Last December a friend of mine lost a sister and spent the four or five days crying her eyes out instead of sleeping, gradually falling in on herself. Upon discovering that A Silver Mt Zion were playing that Thursday evening, I remembered listening to their debut, He Has Left Us Alone But Shafts of Light Sometimes Grace the Corners of Our Rooms, while lying on my bed with my eyes shut a few years ago. This being in university shared housing, I was jerked out of my glacial reverie by the words of a German exchange student wandering into my room: “How can you listen to that, it’s horrible… so unbelievably sad… I can’t stand it.” In truth, their (then purely instrumental) music, for all that it lacked the orchestral furore of father act Godspeed You! Black Emperor, was even then nigh unbearably poignant; slow and sumptuous sonic cradles for the shattered that offered no solace save beauty.
Despite not being particulary keen on their third and most recent album, which had fleshed out both the band’s sound and its name, appending the ‘…Memorial Orchestra & Tra-La-La Band’, I decided that their performing would probably rip every last shred of misery out of my friend in one shuddering rush; catharticism by combat, if you will. Having bought two tickets and eventually cajoled her into joining me at the gig, I was confident that the change of surroundings would help a little even if things turned out to be musically disagreeable and we had to get drunk in order to ignore the band. Initially the rawness of their playing and frontman Efrim’s singing — two songs in he would apologise for the disordered performance, claiming that they were learning the new songs by playing them on the tour, something reiterated by the booklet of the tour’s end product, this album — had me thinking I’d made a terrible mistake, especially as lyrics seemed to be more concerned with angry punk politicking than regret and remembrance.
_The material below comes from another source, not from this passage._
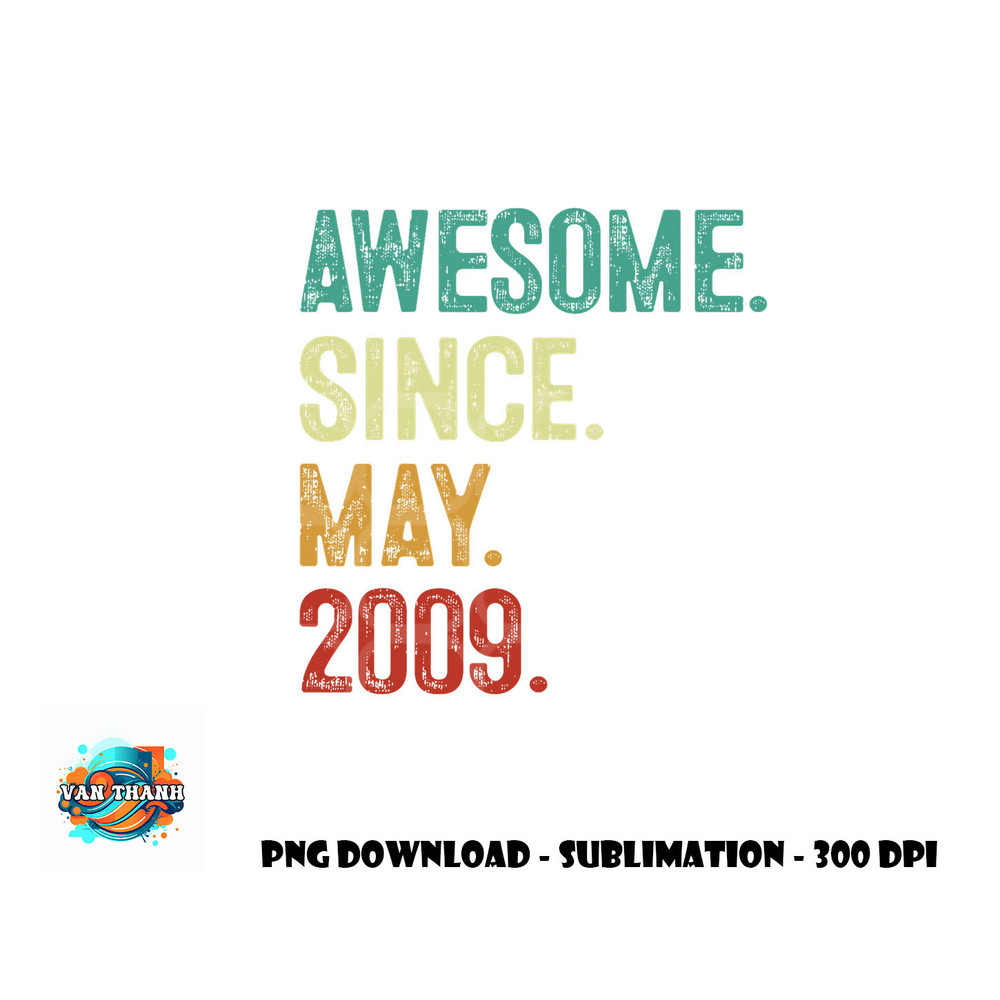 14 Years Old Awesome Since May 2009 14th Birthday png, digital download copy.jpg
However, after the scouring of our ears and attention things became softer, choral chants emerging over cello lines as a more reflective side to the music emerged, the intensity of the musicians’ emotional presence having a deeply hypnotic effect on the now rapt, motionless audience. And then, towards the end of what is now the title track of this new record, Efrim uttered the words “All that true love/is the light/in my sister’s darling eyes” into silence, only for it to be taken up and repeated with palpably increasing volume, tenderness and loss. Slowly turning to look at my friend confirmed that tears were streaming down her face, yet her eyes were bright and her lips captured a tiny smile. I hugged her; I felt like Judas, I felt like Jesus, I had betrayed and destroyed, I had saved and rescued. Later, the band would end their encore, “Hang On To Each Other (…and every fucking thing you love)”, to a veritable explosion of applause and foot stomping by an audience ripped apart and then reassembled with their hearts beating as one.
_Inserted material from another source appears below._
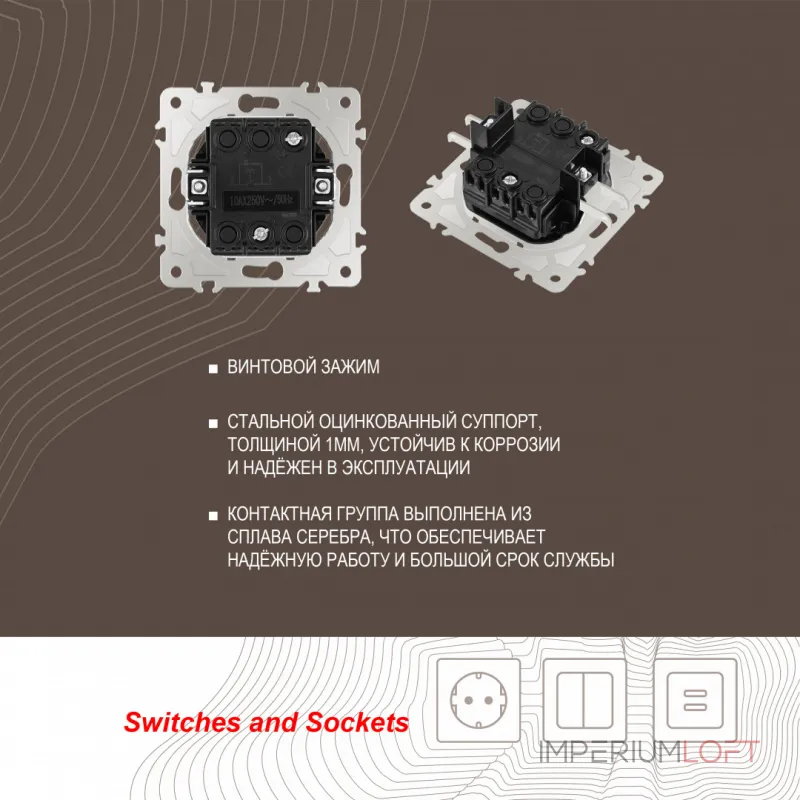 Кнопка дверного звонка с подсветкой, 10A 250V 203.37-1.white от ImperiumLoft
Silver Mt Zion make music of extremes; very simple, inordinately miserable, utterly emotionally invasive, performed with such total, galvanising conviction that it’s terrifying at times. Efrim’s singing is slightly less corrosive on record, but there are moments when his anguish rips through his voice as though it were a shank twisting violently in his chest; those to whom Connor Oberst sounds overwraught will not find safe harbour here. Nor is this music for those seeking the Linus’ pop comforter of a Snow Patrol or a Coldplay: here, freedom has come and gone, “our schools look like prisons/and our prisons look like malls/and downtown’s just a sick parade/where no-one cares/at all.” Here, armies play endless games of retribution with piles of corpses as counters, though nothing can make death pay back what we lose, and Efrim asks “Who among us will avenge Ms. Nina Simone?” Here, wonder is sunlight reflecting off a helicopter gunship as its chaingun “cuts a man in two”. Here, walls of static and distortion intermittently overwhelm tremulous vocals, piano and strings as humanity is revealed as horribly vulnerable, with only the distant loveliness of the stars to warm it against an infinity of silent, dying space. Here is the reality of mortality, somewhere between suicide and surrender, that Silver Mt Zion face with unwavering, courageous devotion. Here their purity has produced an album of tremendous power that only occasionally (as on the Kanada-denying “Teddy Roosevelt’s Guns”) loses its focus to pained posturing that the musical backing, stretched thin, cannot back up. Here, we hang on to each other for comfort before dying. It’s enough.